British actress (born 1990)

Jessica Forrest (born 1990) is a British actress and writer. Raised in Colne, Lancashire, Forrest studied drama at Manchester University, but found the course impractical and in 2010 left to play Leanne Holiday in the British soap opera Hollyoaks. Forrest remained in the role until 2013, when her character was killed-off. Following her departure, Forrest guest-starred in Playhouse Presents, Coronation Street and Dani's Castle, and she portrayed a main role in the third season of Dani's Castle. In 2016 and 2018, Forrest portrayed Jasmine in the theatre production Chip Shop Chips, and she co-wrote and performed in The Trolley Girls at the 2016 Edinburgh Fringe Festival.
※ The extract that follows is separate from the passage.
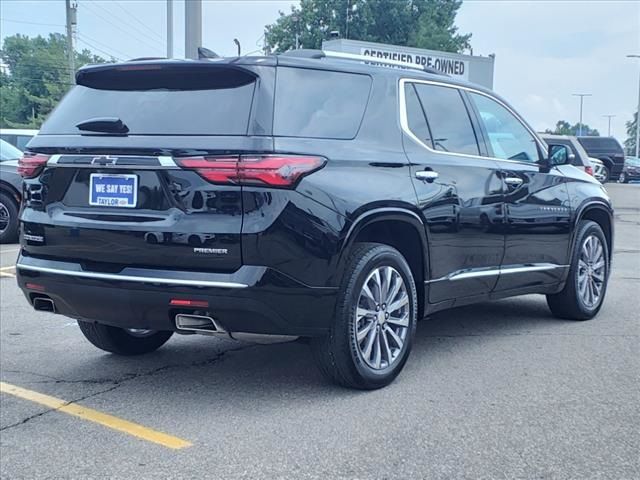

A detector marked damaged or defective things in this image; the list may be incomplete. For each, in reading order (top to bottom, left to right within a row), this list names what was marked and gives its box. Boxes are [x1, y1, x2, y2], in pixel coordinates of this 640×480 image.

Forrest later moved to Italy and launched a project teaching children English through song and animation, and in 2022 she performed her autobiographical one-woman show The Olive Tree.

==Early life==
Jessica Forrest was born in 1990 and was raised in Colne, Lancashire. Forrest enjoyed theatre from a young age, pursuing acting in school and joining her local dramatic society. Forrest attended Ss John Fisher and Thomas More Roman Catholic High School and later Nelson and Colne College. Forrest had wanted to act but felt that she had no proper experience. Forrest later studied drama and screen studies at University of Manchester, but did not like the course as she found it too academic and realised that she would rather perform.

==Career==
===Hollyoaks===
In July 2010, it was announced that 19-year-old Forrest had joined the cast of the British soap opera Hollyoaks. Forrest's casting was announced alongside Sikander Malik as Jamil Fadel and PJ Brennan as Doug Carter. The three were the focus of the Hollyoaks online spin-off Hollyoaks: Freshers, which aired weeks before they began appearing in the main soap as regular characters. Forrest was grateful that she had filmed Hollyoaks: Freshers before the main show as it allowed her to understand her role and working on set. Forrest had won the role when she was talent scouted in the street and invited to audition; she then went to an open audition at the BBC and then was given a year long contract for Hollyoaks that same day, which led to her leaving her university course. She was chosen out of thousands of candidates. Hollyoaks: Freshers debuted on 26 August, with Forrest appearing in all six episodes. Forrest initially commuted from Manchester to work, but she later moved to Liverpool, where the soap is filmed. Forrest had watched Hollyoaks when she was younger, but was nervous upon taking up the role as she had not worked in television before.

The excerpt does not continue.